Learning Logistic Regression and ROC Curve with Scikit-Learn in ML10

Posted by

ML10: Supervised Learning With Scikit-Learn – Logistic regression and the ROC curve

ML10: Supervised Learning With Scikit-Learn – Logistic regression and the ROC curve

In this module, we will be discussing supervised learning using logistic regression with Scikit-Learn. Logistic regression is a popular classification algorithm that is often used to predict binary outcomes.

Logistic Regression

Logistic regression is a statistical model that is used to predict the probability of a binary outcome.
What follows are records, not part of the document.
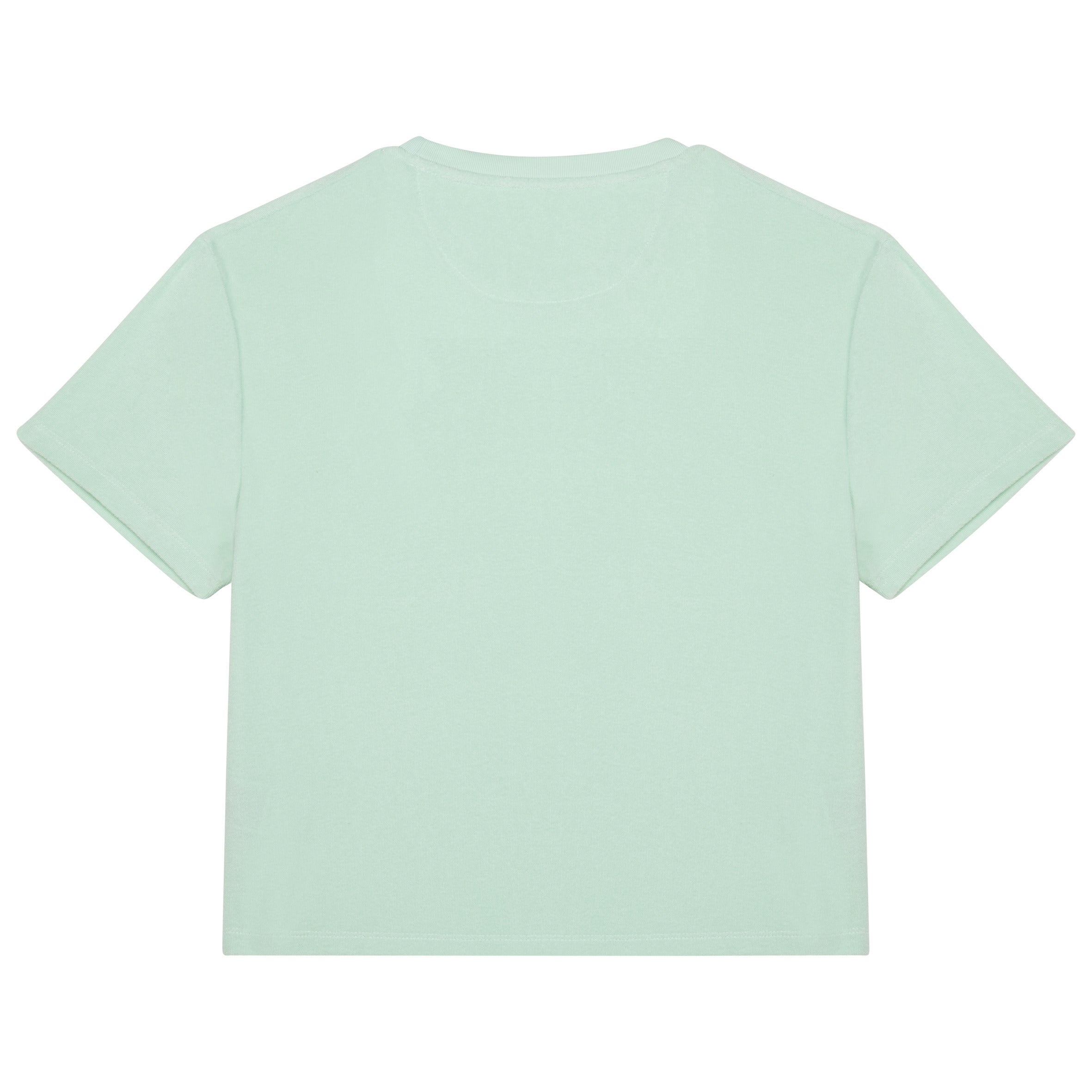 T-shirt em malha turca de senhora Eco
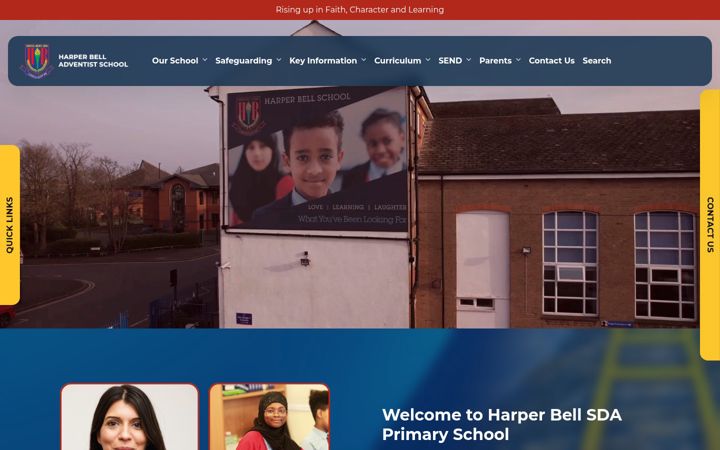 Screenshot of harperbellsdaschool.co.uk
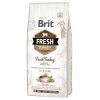Brit Fresh Overweight & Senior Dogs Fit & Slim - Pulyka és borsó  12 kg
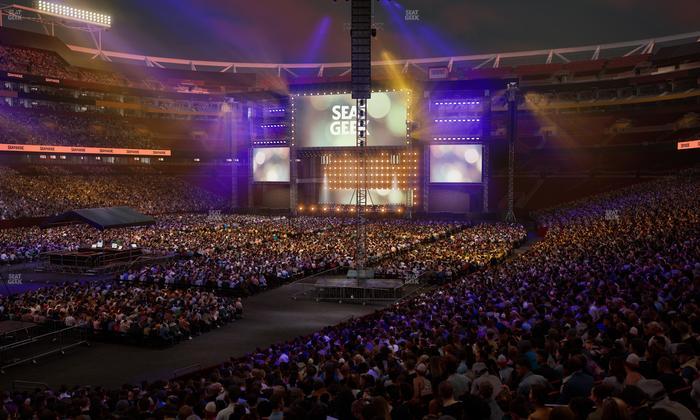 Northwest Stadium - Section 128 Seat View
It uses a logistic function to estimate the probability that a given input belongs to a particular class. In this module, we will learn how to implement logistic regression using the Scikit-Learn library in Python.

ROC Curve

The ROC curve, short for Receiver Operating Characteristic curve, is a graphical representation of the performance of a binary classification model. It plots the true positive rate (sensitivity) against the false positive rate (1 – specificity) at different threshold values. The area under the ROC curve (AUC) is a common metric used to evaluate the performance of a classification model.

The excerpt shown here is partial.